RİSK GRUPLARI AŞILANMADAN DİĞER GRUPLARA GEÇİLMEMELİ
Başta belirlenen aşı programına sonradan futbolcu, turizm çalışanı ve muhtarların eklenmesinin risk grubunda olanların hayatını olumsuz etkileyebileceğine dikkati çeken Pala “Sağlık çalışanlarının aileleri, veteriner hekimler, kronik hastalığı olanlar, öğretmenler gibi risk grupları aşılanmadan örneğin futbolcuları ve turizmde çalışan gençleri aşılayalım yaklaşımı doğru değil. Risk grupları bilimsel perspektifle hazırlanmalı ve buna uygun bir aşılama planı uygulanmalıdır.

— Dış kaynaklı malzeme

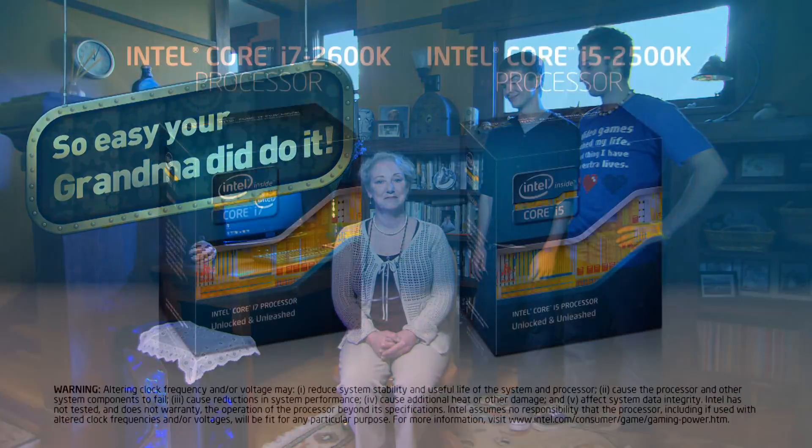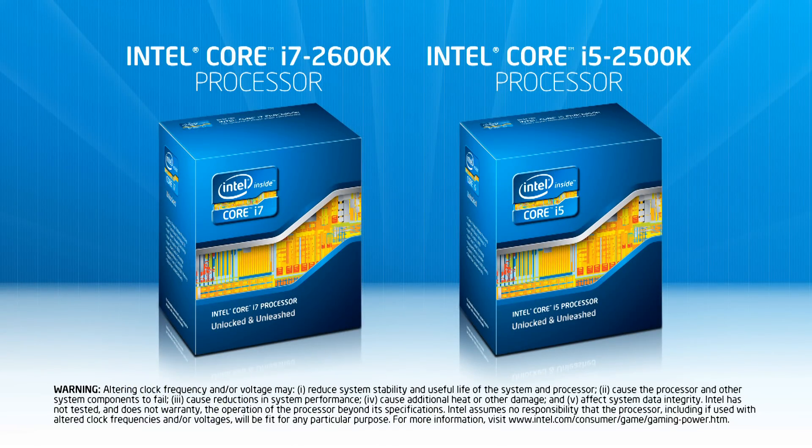Turns out good things can come easy. Intel unlocked processors — great system performance, cool overclocking. So easy, your grandma did do it. Time for you to one-up grandma. Yawnbam.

Ancak bu konuda Sağlık Bakanlığının da Bilim Kurulunun da hepimizi rahatlatacak bir açıklaması henüz yok” ifadelerini kullanarak kimlere ne kadar aşı yapıldığının hâlâ toplumla paylaşılmadığını söyledi.
YERLİ AŞILARIN BİLİMSEL RAPORLARI AÇIKLANMALI
Türkiye’de 17 adet yerli aşı çalışmasından birinin faz-2 aşamasını bitirip faz-3 aşamasına geçmekte olduğunu, bir aşının ise faz-1 aşamasında olduğu bilgisini veren Pala “Fakat yerli aşı çalışmalarının henüz hiç birinin faz-1 ve faz-2 sonuçlarının bilimsel raporları açıklanmadı. Bunların bir an önce açıklanması ve sonuçlar olumlu ise faz-3’e geçilmesi ve olumlu sonuç çıkarsa Türkiye’de aşının üretilmesi bizim de beklediğimiz bir şey. Ancak bunların bilimsel raporları açıklanmalı ve üretim olanakları ortaya konulmalı. Yoksa toplumda aşılara karşı duyulan güvensizliğin bir parçası olma ihtimali var” dedi.